Tout à coup, quelqu’un crie : la plaine. Plus de crainte de retard, nous sommes sauvés (Épanouissement des visages).
« Eh bien ! Mesdames et Messieurs, vous voyez, la précaution a été bonne, nous arriverons tous à l’heure ; ce soir, en descendant chacun sera libre de reprendre en passant les objets jetés au-dehors et dont la présence dans le train l’aurait considérablement ralentie. (Applaudissements frénétiques).
Rochetaillée, 11 h. 20. Les voyageurs pour Allemand, en omnibus et l’on part. Nous voilà installés dans une petite voiture fermée, qui trotte sur le revers oriental de la chaîne de Belledonne et vingt minutes après, quoique par une petite couche de neige, nous débarquons à la porte du restaurant Leydier, prévenus depuis 58 heures.

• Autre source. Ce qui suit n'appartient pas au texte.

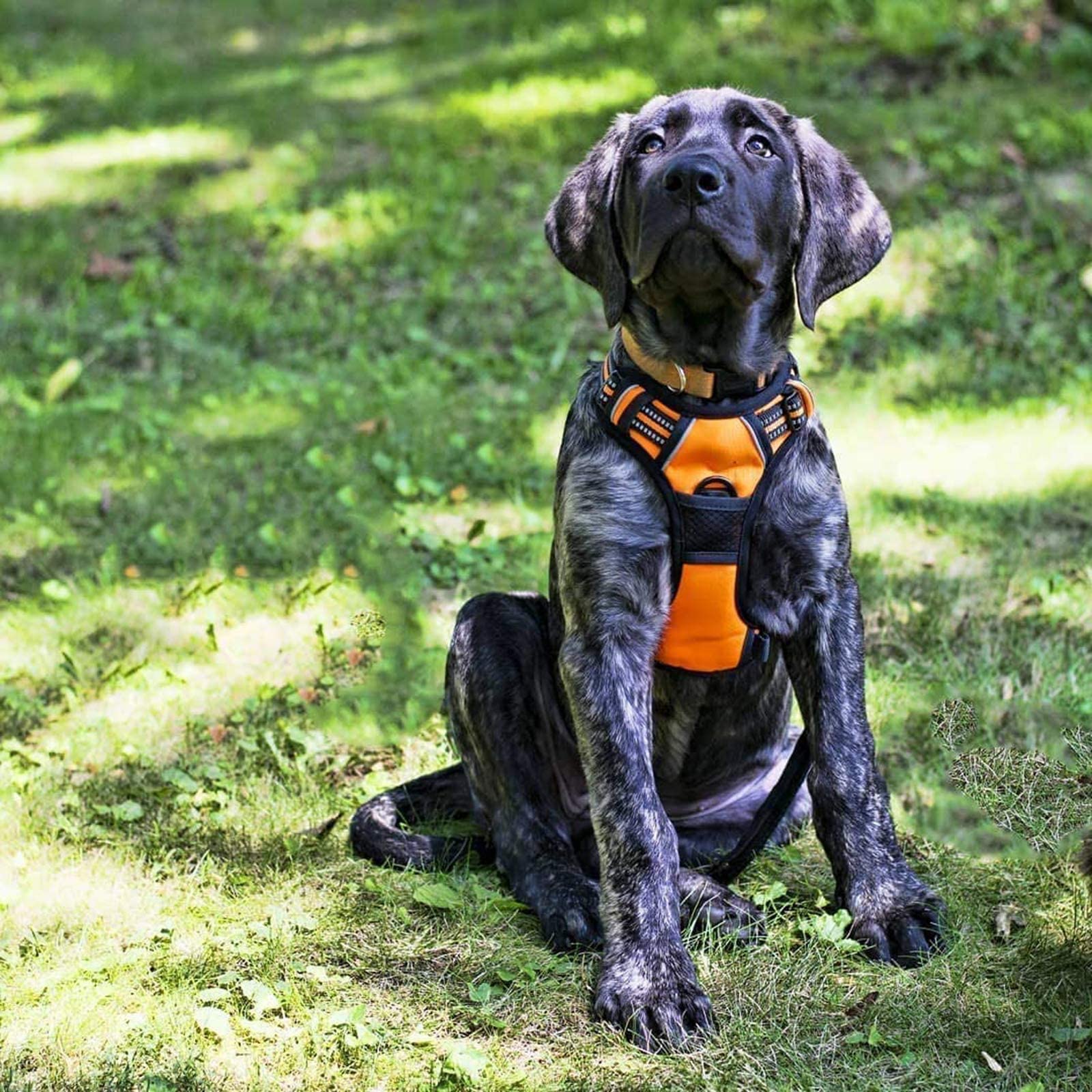 Arnés para Perro Rabbitgoo Naranja con Líneas Reflectantes y Chaleco Acolchado Ajustable para Adiestramiento y Correr Tamaño Mediano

Dans une salle chaude et confortable, la table était mise ; sur une nappe blanche comme la neige et fleurant la bonne lessive, reposent sept couverts garnis, à côté de verre aussi limpides que le cristal de la cascade voisine.

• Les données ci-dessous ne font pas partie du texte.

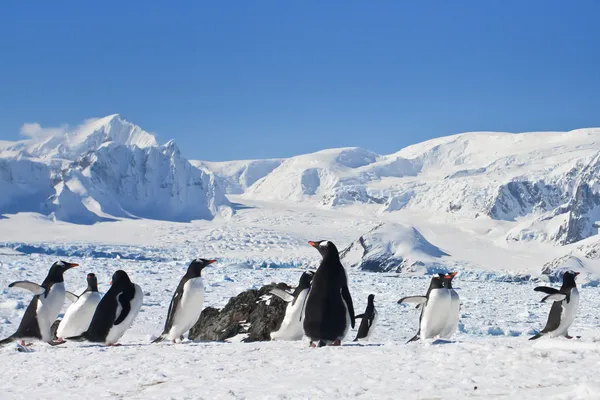 Duża grupa pingwiny — Zdjęcie stockowe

Le temps et l’espace me manquent pour vous décrire le diner qu’on a servi, et puis il faudrait une mémoire d’ange pour se rappeler tous les plats qui ont défilé devant nous, exhalant des parfums plus subtils que ceux d’Arabie. Si, à l’appel de son nom, le chamois a été porté absent, le lièvre, la perdrix, les alpins gros-bec ont carrément affirmé leur présence en embaumant l’atmosphère de la salle à manger. Tous les mets, bien assaisonnés, ont été trouvés savoureux par les papilles législatives même les plus rechigneuses.

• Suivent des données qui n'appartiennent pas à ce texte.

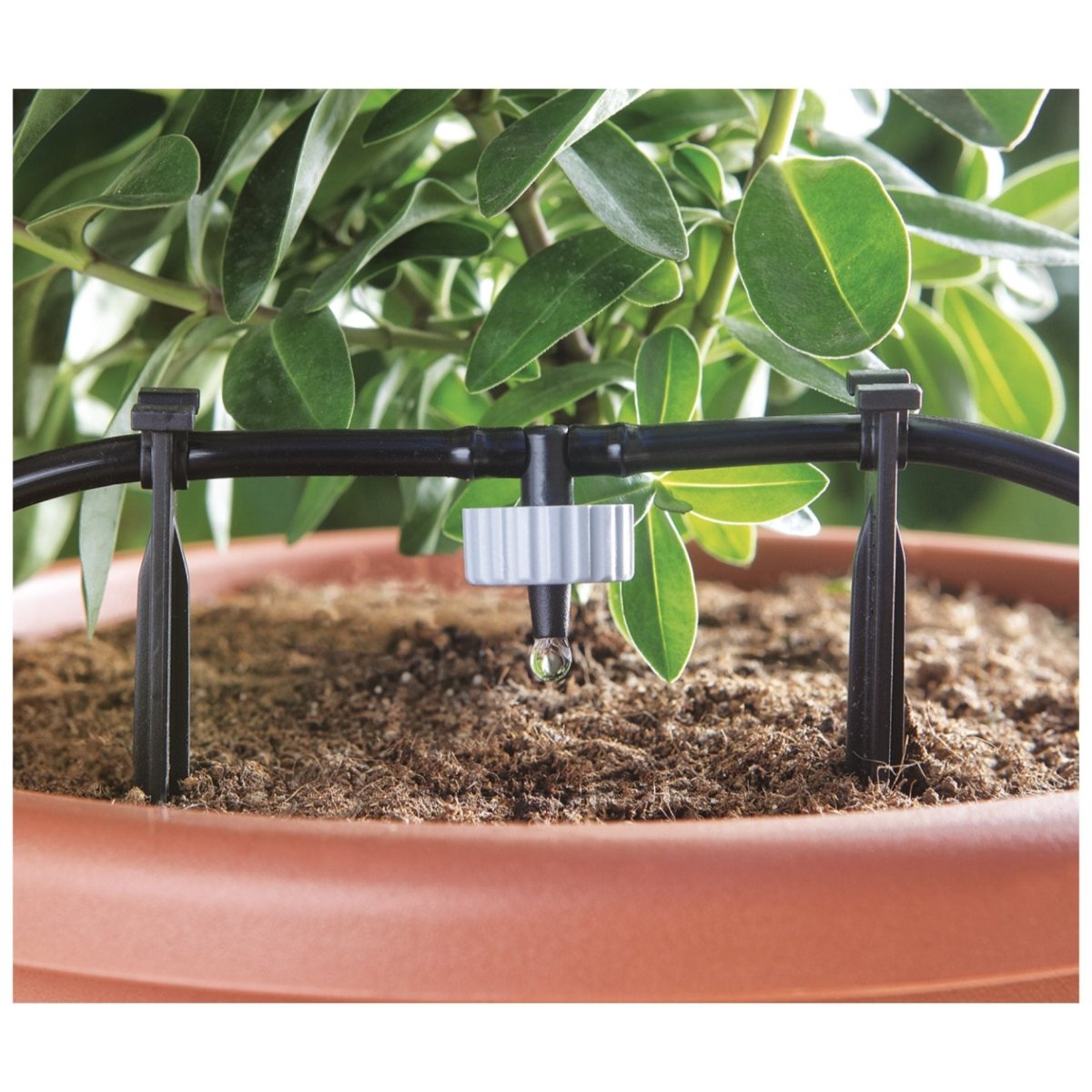 Claber Aqua Magic Drippers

Les coupes se vidaient et si1 remplissaient rapidement, parce que notre Ganymède prétendait qu’il ne fallait pas laisser éventer le liquide et qu’il avait horreur du vide.
Si les dieux de l’Olympe se désaltéraient avec le nectar, nous simples mortels, nous nous contentions d’un franc jus de la treille parfaitement congruent ; du reste le plant qui produisait le nectar a complètement disparu.
Le balthazar consommé, en file indienne, nous passons dans une grande pièce où I’on nous verse un moka fumant et odorant qui fait renifler les gourmets. On allume les pipes et les cigares, on sirote la brune liqueur, on jabote comme des pies, mais pour ne pas exciter la pluie, on n’entend aucune chanson.
Puis l’on sort, on s’éparpille au gré de sa fantaisie ; on contemple le paysage transformé par la neige qui amortit tous les bruits, qui efface toutes les couleurs, tous les tons, pour ne laisser régner que la blancheur immaculée.
La nuit tombant, on rentre ; la note réglée, le cocher crie : en voiture, et l’on part pour Rochetaillée où, après une manille consciencieuse, nous reprenons le train qui nous dépose à Grenoble, à 9 heures passées ; on se bouscule un peu en rendant les billets et poussant toujours en 1 avant, nous nous trouvons réunis dans l’hémicycle de la Gare. N’allant pas tous du même côté, nous nous souhaitons le bonsoir et prenons rendez-vous pour l’année prochaine.

V. B.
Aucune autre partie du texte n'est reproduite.